## Prompt:
Transcribe all data verbatim. Skip the pictures.

## Supplied information:
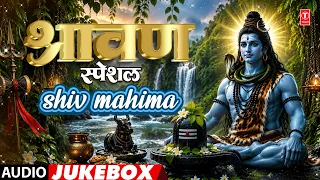 श्रावण स्पेशल (महादेवाची गाणी) | Shravan Special Songs | Mahadevachi Gaani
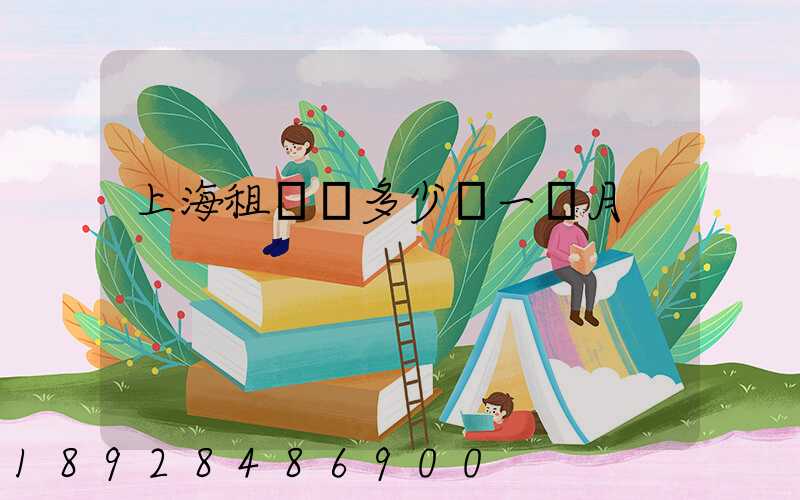 上海租倉庫多少錢一個月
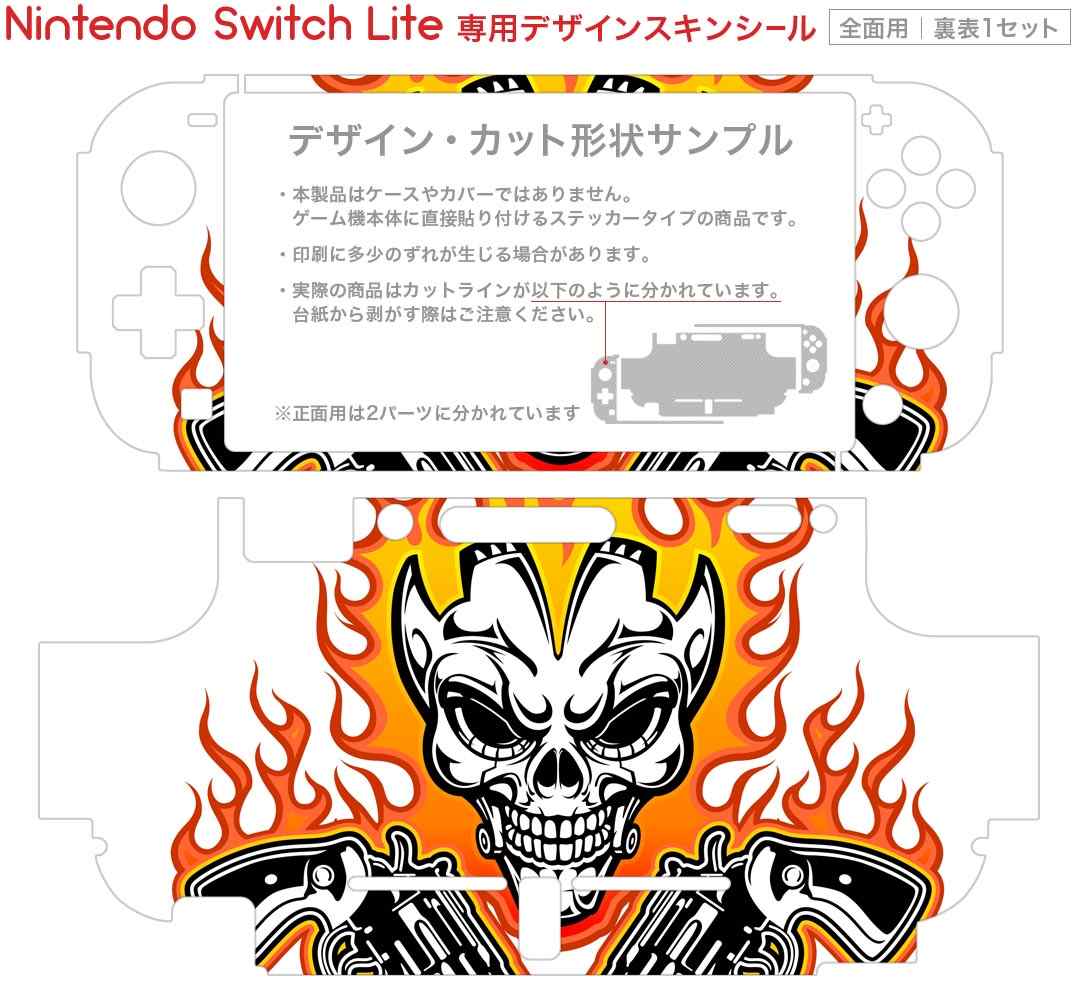 igsticker Nintendo Switch Lite 専用 デザインスキンシール 全面 ニンテンドー スイッチ ライト case-style-33756181 スマコレ サンプル画像2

## Problem solution:
 श्रावण स्पेशल (महादेवाची गाणी) | Shravan Special Songs | Mahadevachi Gaani
 上海租倉庫多少錢一個月
 igsticker Nintendo Switch Lite 専用 デザインスキンシール 全面 ニンテンドー スイッチ ライト case-style-33756181 スマコレ サンプル画像2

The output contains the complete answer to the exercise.